Sasaki fit mine de reprendre le chèque.
« Alors attendez l'adjudication du tribunal. La procédure prend environ trois mois. J'imagine que le cœur de votre père ne peut pas attendre si longtemps. »
Le corps de Masami vacilla. Trois mois ? Elle ne pouvait même pas attendre 30 minutes.
Masami se tourna vers le voyant rouge au-dessus de la salle d'opération. Cette lueur rouge ressemblait à un décompte. Tic, tac. C'était la vie de son père.
« Votre client… » Masami se tourna, fixant intensément Sasaki. « C'est Saionji Satsuki, n'est-ce pas ? »
Sasaki ne répondit pas. Il lui tendit simplement un stylo-plume.
« Signez, Okura-sama. Dans ce monde, il y a des choses qu'on ne peut marchander. Comme la vie. »
Masami prit le stylo des mains tremblantes.
Le corps était froid, comme un éclat de glace.
Masami regarda le contrat. C'était un engagement de vendre la dernière dignité de la famille Okura et leur dernier espoir de redressement au prix de la ferraille.
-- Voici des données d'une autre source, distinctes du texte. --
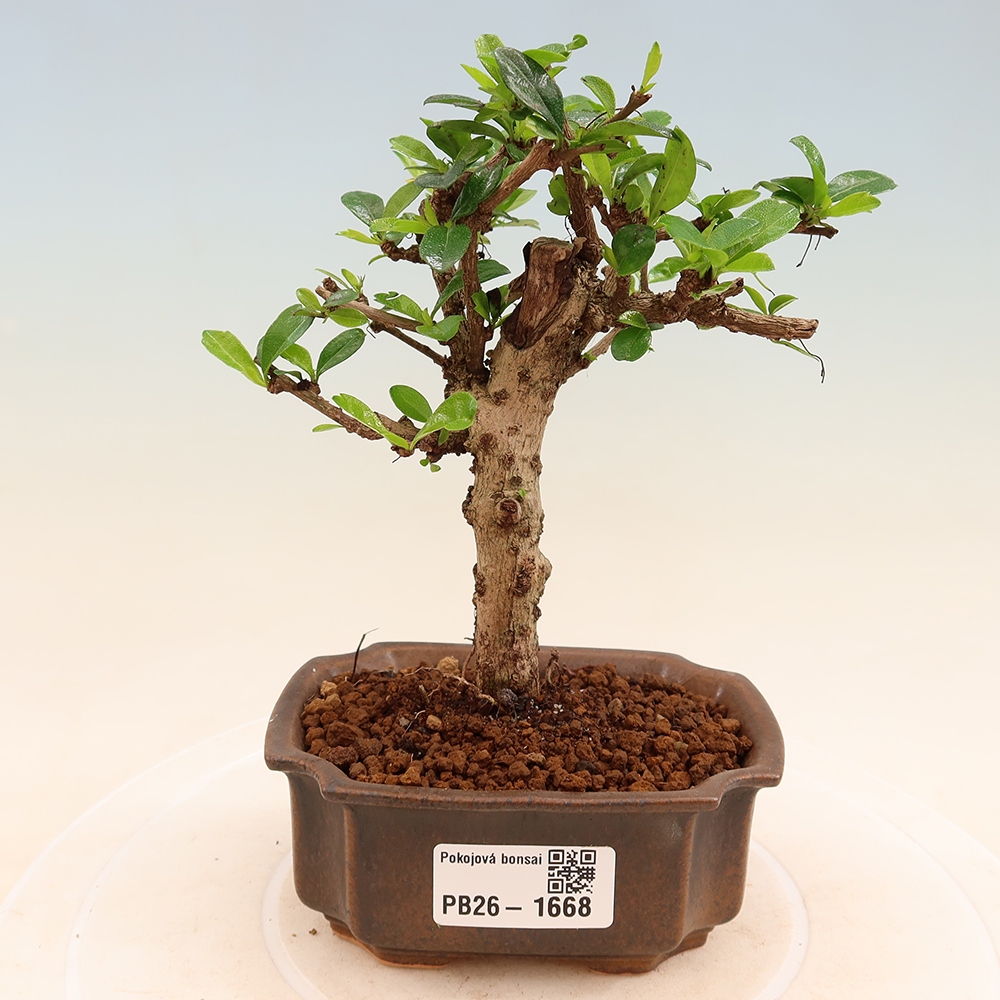 Kamerbonsai - Carmona macrophylla - Thee fuki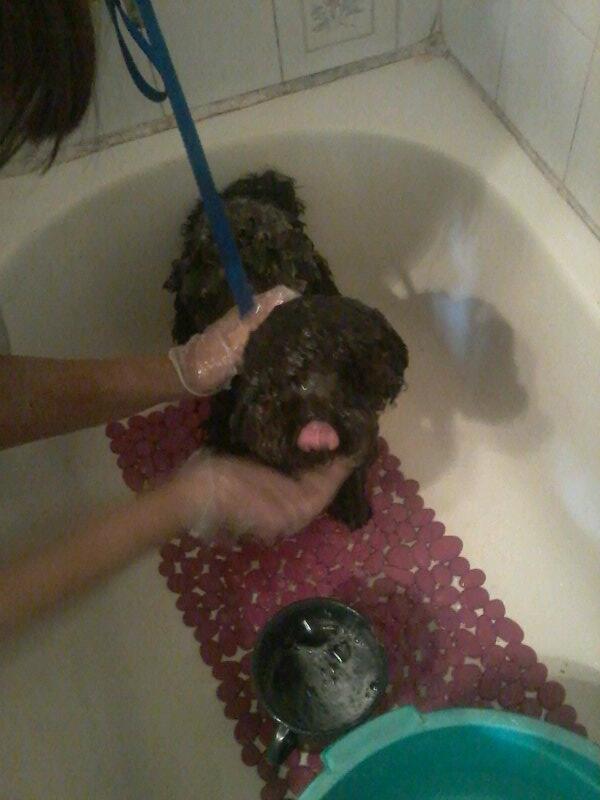 agosgargiulo's tweet photo. Hoy me tocaaa http://t.co/WlgoepKZ45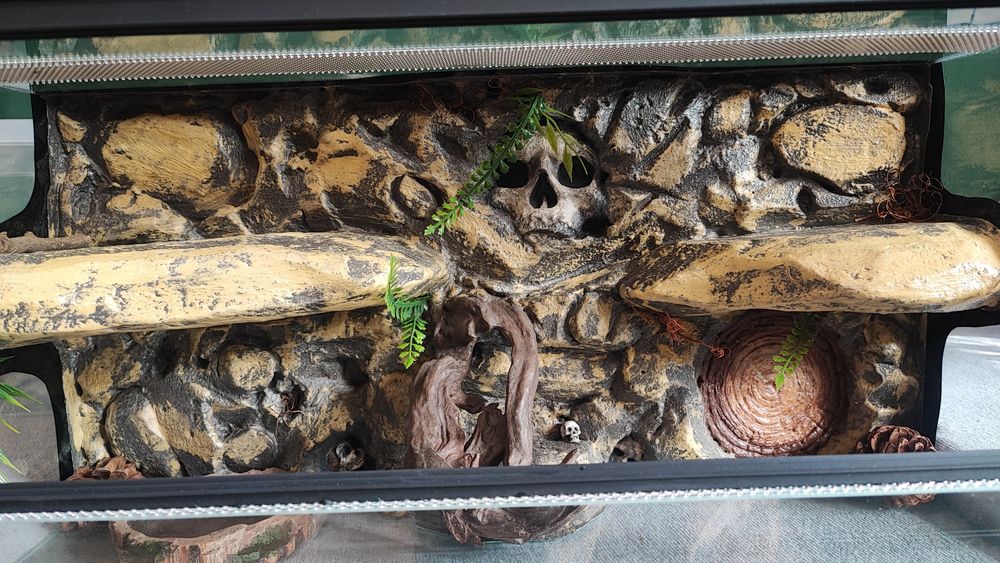 Terrarium na zamówienie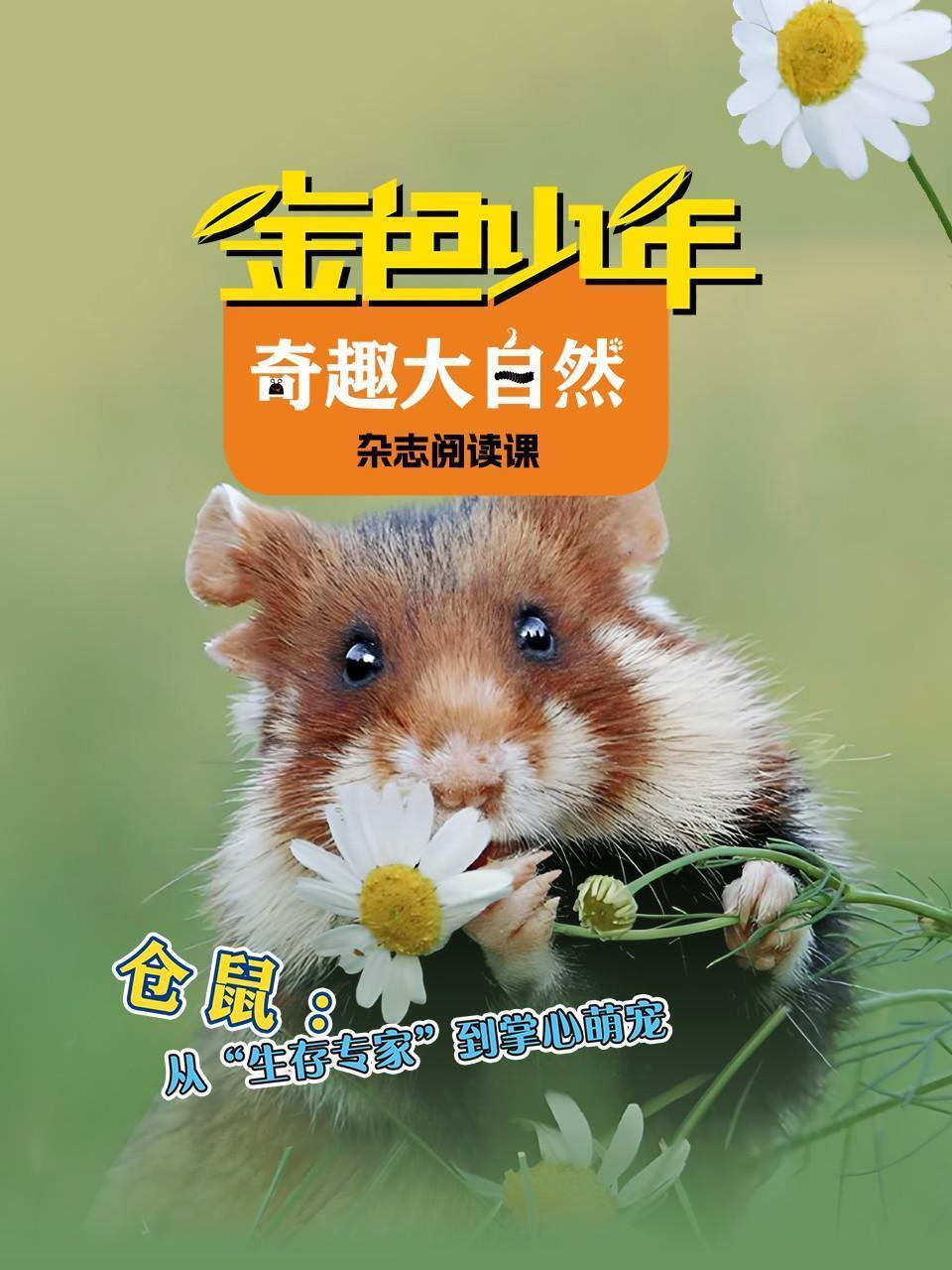 金色少年奇趣大自然：仓鼠，从生存专家到掌心萌宠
La main de Masami tremblait.
De grosses larmes éclaboussèrent le papier, brouillant l'encre noire.
« Je la hais. » Masami siffla les mots au fond de sa gorge. « Dites à Saionji Satsuki que je la hais. »
« Je transmettrai, » dit Sasaki sans expression.
Masami ferma les yeux.
La plume griffa le papier.
Chhh-chhh-chhh.
Le nom fut signé.
Sasaki retira vivement le contrat, vérifia la signature, et posa le chèque de 50 millions de yens dans la paume de Masami.
« L'affaire est conclue. » Sasaki se leva et arrêta son costume parfaitement lisse. « Aussi, mon client m'a chargé de vous transmettre un message. »
Sasaki regarda la jeune fille autrefois arrogante, maintenant tombée dans la poussière.
« Elle a dit : "La haine est un pouvoir très utile. Gardez-le bien. Peut-être qu'un jour, cette haine vous permettra de remonter la pente. Mais pour l'instant… allez payer la note." »
Sur ces mots, Sasaki fit demi-tour et partit, le bruit de ses chaussures en cuir s'estompant alors qu'il atteignait l'ascenseur.
Masami resta seule dans le couloir, serrant ce mince morceau de papier.
Ce n'était qu'un bout de papier, pourtant il lui semblait peser une montagne.
Cinq cents millions étaient devenus cinquante millions.
C'était le prix de l'échec.
Masami fit demi-tour et traîna ses pas lourds vers le guichet de paiement, laissant une empreinte humide à chaque pas.
Dehors, la pluie continuait de tomber, lavant Tokyo, rinçant la crasse et le sang, et étouffant tous les cris.
De l'autre côté de la ville, dans ce bâtiment rose et chaleureux, Saionji Satsuki était peut-être en train de siroter du thé, de regarder la pluie, et de calculer combien de centaines de millions elle pourrait hypothéquer ce terrain de 50 millions pour le lendemain.
C'était 1987.
En cette époque folle, les gens étaient dévorés tout entiers, os compris.